Dentro del ascensor tres vecinos nos observan en silencio cuando subimos. Entre los murmullos de saludos corteses, alguien comienza a relatar lo que ha leído en redes sociales sobre los ataques sectorizados que sufre nuestra zona, la violencia callejera, la balacera que incluso allí, escuchamos como lentas detonaciones. Miro al niño, que esconde la cabeza contra el cuerpo de su madre. Las manos pequeñas tensas sobre la tela, el cuerpo rígido. La madre suspira, le pasa los brazos alrededor. Pero no hay manera de protegerte de la información, de la tensión, del clima asfixiante de un país en crisis como el nuestro.

Durante las últimas semanas hemos sufrido los rigores de un enfrentamiento en el que no hay contrincantes, sino en realidad la violencia de Caracas que llegó a un nivel por completo nuevo.

La banda del Koki y otras tantas, se enfrentan casi a diario por el control de la zona. Los vecinos, comerciantes, transeúntes, solo somos víctimas de una situación en escalada que al parecer no se detendrá pronto. Se han hecho hábito las detonaciones, las ráfagas de balas fugitivas. La violencia se volvió parte de todas las cosas, de los pequeños hábitos, de la percepción de la normalidad. Me abruma la mera idea de la resignación que eso simboliza y sin embargo, qué real resulta cuando te convences a ti mismo de que debes continuar, de que necesitas encontrar cierta normalidad. ¿Cuál? ¿Qué tipo de normalidad puedes encontrar en el país ahora mismo?

De nuevo en casa, miro por la ventana.
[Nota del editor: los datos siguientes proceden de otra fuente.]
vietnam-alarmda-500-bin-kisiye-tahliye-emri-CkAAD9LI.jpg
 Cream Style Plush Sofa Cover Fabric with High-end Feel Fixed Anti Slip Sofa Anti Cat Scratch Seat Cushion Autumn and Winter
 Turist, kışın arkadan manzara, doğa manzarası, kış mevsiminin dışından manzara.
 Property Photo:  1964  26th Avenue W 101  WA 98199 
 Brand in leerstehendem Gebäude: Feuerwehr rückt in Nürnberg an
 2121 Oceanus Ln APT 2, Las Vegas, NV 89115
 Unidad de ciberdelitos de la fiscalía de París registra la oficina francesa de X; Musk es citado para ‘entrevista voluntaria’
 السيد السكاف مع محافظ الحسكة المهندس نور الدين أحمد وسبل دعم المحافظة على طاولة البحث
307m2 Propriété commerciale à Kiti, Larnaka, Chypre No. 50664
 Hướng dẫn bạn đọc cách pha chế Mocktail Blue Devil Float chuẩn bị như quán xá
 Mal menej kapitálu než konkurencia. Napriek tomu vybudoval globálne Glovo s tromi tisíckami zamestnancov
Un militar cruza la calle llevando su arma de reglamento contra el pecho. A la distancia, tiene un aspecto amenazante, con el casco y el peto bien visible. Lo veo rodear la plaza, avanzar hacia adelante, detenerse en una esquina. Apoya el fusil contra el suelo, se queda inmóvil. Unos minutos después, se le unen dos funcionarios más. Y la calle, en apariencia corriente, se transforma en otra cosa. En una amenaza.

Hace poco, le comentaba a una de mis amigas que llevo tanto tiempo sintiendo miedo, que no sé cómo dejar de sentirlo. O, mejor dicho, cómo sobrellevar esa combinación de amargura, cansancio y temor que parece inabarcable. Está en todas partes, en cada trozo de lo cotidiano, en los intentos inútiles por mantener la cordura, la calma. Simplemente la esperanza. El miedo forma parte de cada noción que tengo sobre el país, de la forma en que vivo, de la manera en la que deseo vivir.

El grupo de militares camina hacia la esquina y desaparece bajo la copa de un árbol. Pero aun invisibles, la calle entera parece manchada y contaminada por esa violencia que palpita al fondo de todas las cosas. Cuando cierro la ventana, las manos me tiemblan. Y el miedo está allí de nuevo, porque no puede ser de otra forma. Porque Venezuela se refleja en todas las pequeñas cosas que recuerdan la fractura, la grieta, el dolor.